Viewing Revision #10 from 2022-10-28 14:16 View Current

The system's target workload is machine-generated IoT data, particularly for operational analytics applications.[06][07][08][09]

History[09]

CradeDB started as a standalone project by Jodok Batlogg (who previously contributed to Open Source Initiative Vorarlberg), Christian Lutz, and Bern Dorn. The group, who ran a consulting business before that helped companies use tools for their data needs, turned that knowledge into a product. The team won Judge’s Choice at GigaOm Structure Launchpad competition in June 2014 and TechCrunch Discord Europe in October 2014.

The first version was released in September 2016 The second and enterprise versions released in May 2017.

Concurrency Control[10]

Optimistic Concurrency Control (OCC)

Optimistic concurrency control is implemented using rows’ sequence number (_seq_no) and primary term (_primary_term). Initially each row’s sequence number is 0, and is incremented with every INSERT/UPDATE/DELETE to its shard (partition of the table). The primary term is incremented when a shard becomes primary. When updating or deleting, the query must be done with the correct sequence number and primary term, otherwise no effect will take place. CrateDB does not support transactions.

Foreign Keys[11]

Not Supported

CrateDB does not support foreign keys.

Isolation Levels[12][13]

Read Uncommitted Read Committed Serializable Repeatable Read

CrateDB supports four isolation levels: READ UNCOMMITTED, READ COMMITTED, REPEATABLE READ, and SERIALIZABLE. The isolation level is specified in the begin statement as a transaction_mode.

Joins[14]

Nested Loop Join Hash Join

CrateDB supports two join algorithms: nested loop joins and block hash joins. By default the system uses nested loop joins. Block hash joins can only be applied on inner joins where the condition meets the following criteria: it contains at least one equal operator and no or operators and every argument of an equal operator can only reference fields from one relation. The hash join algorithm can be enabled or disabled explicitly.

The system supports cross joins, inner joins, and left/right/full outer joins, and its performance is limited when joining two or more tables (resulting in poor execution plans).

Logging[15][16][17][18]

Logical Logging

Each shard has its own write ahead log (called the translog), which gets flushed to the index storage of Lucene when the log is full. The translog stores records of the operations on nodes. Operations store metadata about the query that was executed (such as job_id and used_bytes). The job that corresponds to the given job id stores the actual query statement that was run.

Additionally, CrateDB supports application logging (with Log4j) and JVM garbage collection logging. Apache’s Log4J provides logging functionalities for Java. Crate DB uses JVM garbage collection logging to maintain garbage collection times.

Query Compilation[19]

Not Supported

Crate does not support query compilation.

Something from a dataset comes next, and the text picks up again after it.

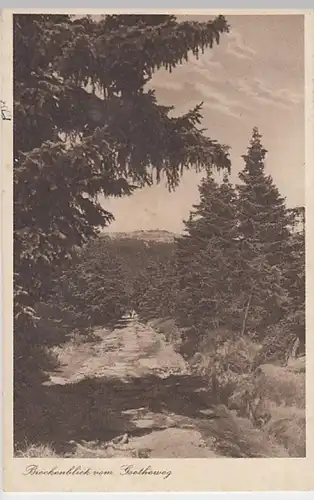 (19024) AK Harz, Blick vom Goetheweg zum Brocken 1930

Query Execution[20][21][22]

Materialized Model

Given an operation tree, CrateDB’s Job Execution Service will execute the given plan. Each operation will emit the entire (intermediate) result to other nodes, which will continue the query execution with the given result.

Query Interface[23][24][25]

SQL HTTP / REST Command-line / Shell

CrateDB can be queried with regular SQL. One way to query a table is through the CrateDB admin UI, in which the user can construct and view the results of a query. Another way is through CrateDB Shell (called Crash), which is their custom command-line shell. An HTTP endpoint is also provided for submitting queries; using HTTPie users can query using some endpoint, to which CrateDB will respond with JSON. There are also numerous third party client tools that will work with CrateDB. Since the system supports PostgreSQL wire protocol, most third party tools for PostgreSQL will also be compatible with CrateDB.

Storage Architecture[26]

Disk-oriented

CrateDB stores data on disk, which is retrieved and stored depending on the execution plan. The data is partitioned and stored across many nodes.

Storage Model[27][28]

Hybrid

CrateDB stores given data both in row and column store formats. Column store is enabled by default for primitive types (such as integers or booleans) and cannot be turned off. It is supported for a limited length of text data as well, but can be disabled. It is not supported for other types, specifically compound or geographic types.

Rows of a table are stored as a semi-structured document that can be nested in objects, and operation on these documents are atomic.

Storage Organization[29]

Sorted Files

In CrateDB, the tables are sharded (partitioned) and divided amongst the nodes, and the shard is stored as a Lucene index, which is further broken down to stored as files under a directory of a node. Data is appended to files, never removed, making replication and recovery easier. When writing to a file, the primary node is looked up and the new data is added to the file. The operation is repeated on replicas.

Stored Procedures[11]

Not Supported

CrateDB does not support stored procedures.

System Architecture[30]

Shared-Nothing

CrateDB is a shared nothing distributed system. Every Crate Node has the same four components, making them all equal in terms of functionality. They can all process SQL statements, execute queries, interact with the cluster, and store data. Therefore, any node can receive, process, and execute queries.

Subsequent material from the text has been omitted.